Citigroup (C) today relented to fierce political pressure and will increase its lending by $36.5 billion over the next few months, with the bulk of those loans going towards mortgages. Citi and other banks have been widely criticized for significantly decreasing their outstanding loans since receiving TARP funds late last year. Citi in particular has taken a beating in the media regarding its use of bail out funds. Late last month, the company was excoriated in the media regarding the impending delivery of a new $50 million Falcon jet. More recently, Citi came under fire after details emerged of a consulting contract with its former chairman and CEO Sandy Weill which entitled him to utilize Citi jets for personal use. Both of these issues gave an untimely black eye to the beleaguered company, which resolved them by canceling delivery of the jet and getting Mr. Weill to renounce his access to the planes.Citi historical ratings chart
Count us in the crowd of those wondering when Citi and other banks would begin lending the TARP funds that were originally intended to lubricated the credit markets (Recurring TARP Nightmare). Citi very publicly released its plans for some of the TARP funds, as it is belatedly learning to play the public relations game in this period of intense scrutiny. Never mind the fact that the $36.5 billion is less than the less-publicized $75 billion in new loans that the company extended in the fourth quarter. Now, it appears that Citi is bending over backwards to try to appease both Washington and the taxpayers in order to reassure them that Citi will be a good steward of the TARP funding. This is probably necessary, particularly at a time when executive compensation and virtually every expenditure on Wall Street is under scrutiny.
All of this highlights the fact that TARP funding, while necessary, comes with a lot of strings attached. Earlier today, Tom Sullivan of Fox Business perhaps put it best when he said (paraphrased), Citi now has a 535 member board of directors that are micro-managing its management. Congress should sit back and say here’s our goal, Citigroup; meet it, but we’re not going to tell you how to get there. However, as the last couple of weeks have shown, Citi management is not fully in control of the company’s fate. Instead public opinion and possible backroom, government negotiations are determining what is in the best interests of the company. Even today, Citi is reportedly trying to back out of its agreement with the New York Mets for naming rights to their stadium. This was thought to be a done deal and Citi’s signage is already up throughout the brand new stadium. Today, Citi’s CEO Vikram Pandit had this to say:
“TARP capital will not be used for compensation and bonuses, dividend payments, lobbying or government relations activities, or any activities related to market, advertising and corporate sponsorship.”

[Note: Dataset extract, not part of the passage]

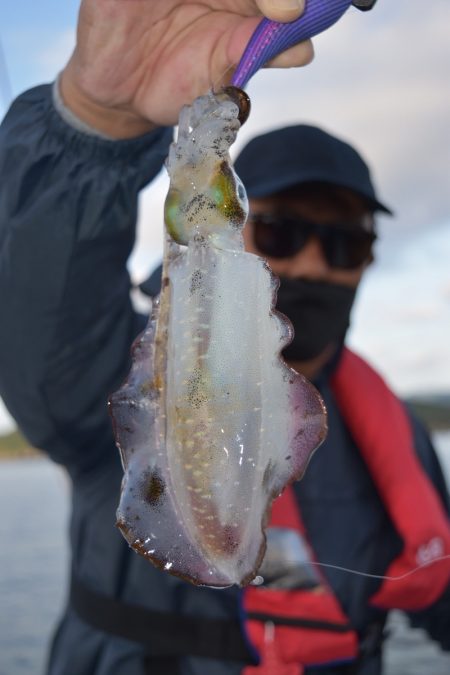 渡船屋たにぐち 釣果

This is a dicey pledge as TARP funds are all part of one pot of money in Citi’s coffers; even if the company does lend appropriately there may be complaints about every other management decision that isn’t to Washington’s liking. The government has paid some $45 billion to Citi via TARP and now politicians feel empowered to steer Citi in whatever direction they deem does the greatest public good.

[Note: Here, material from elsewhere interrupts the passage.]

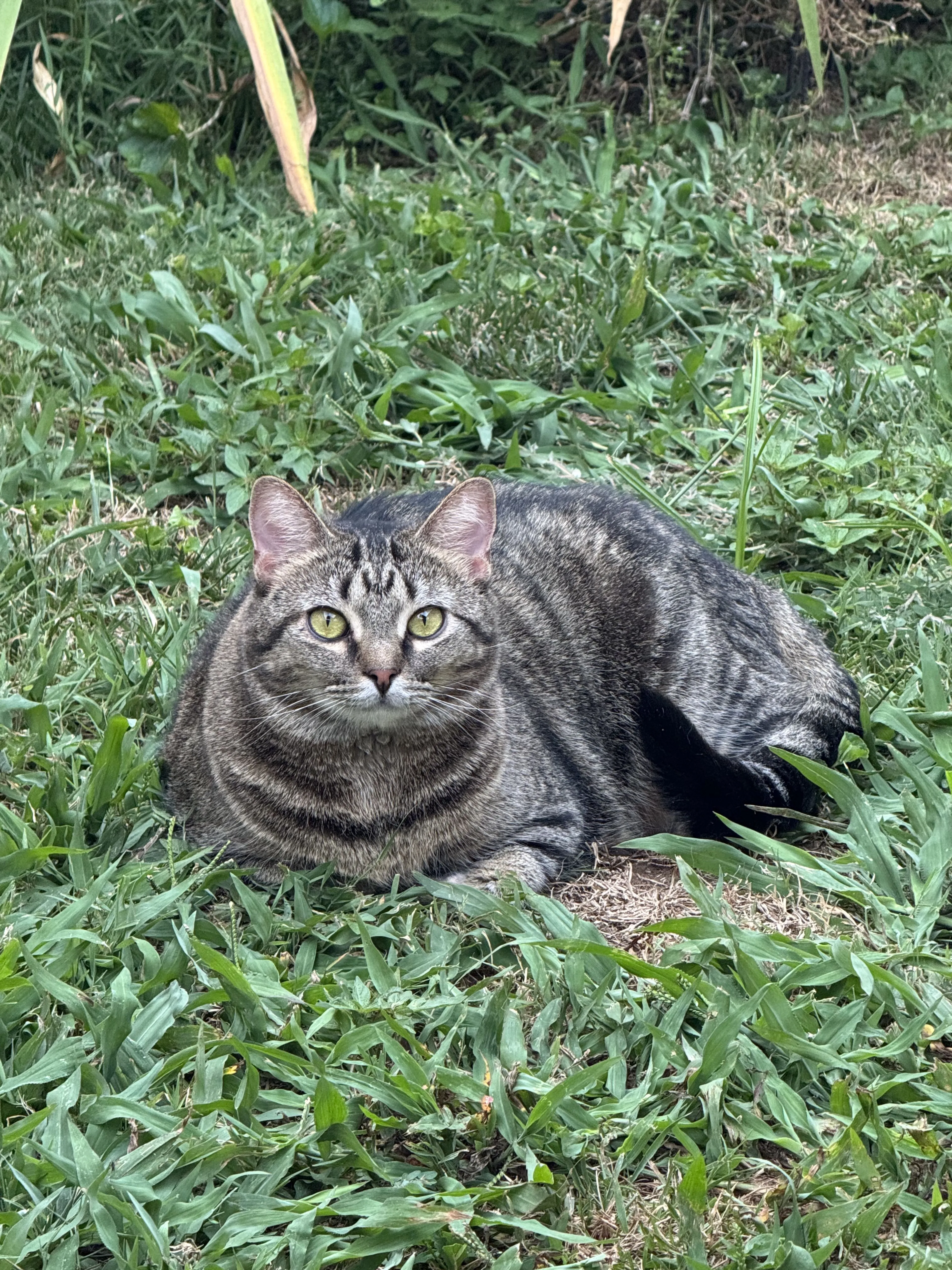 Lost pet-3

To be fair, we would like to see Citi lend more freely as the government has back-stopped more than $300 billion worth of its toxic assets to date. Citi’s balance sheet shows far less risk because of the government’s bailouts; however, how the bank’s management opts to run the company should be up to Citi and should not be the concern of power-hungry politicians. When each spending decision faces laborious scrutiny, management is likely to become paralyzed, which is not the best situation for either Citi or the government’s TARP investment.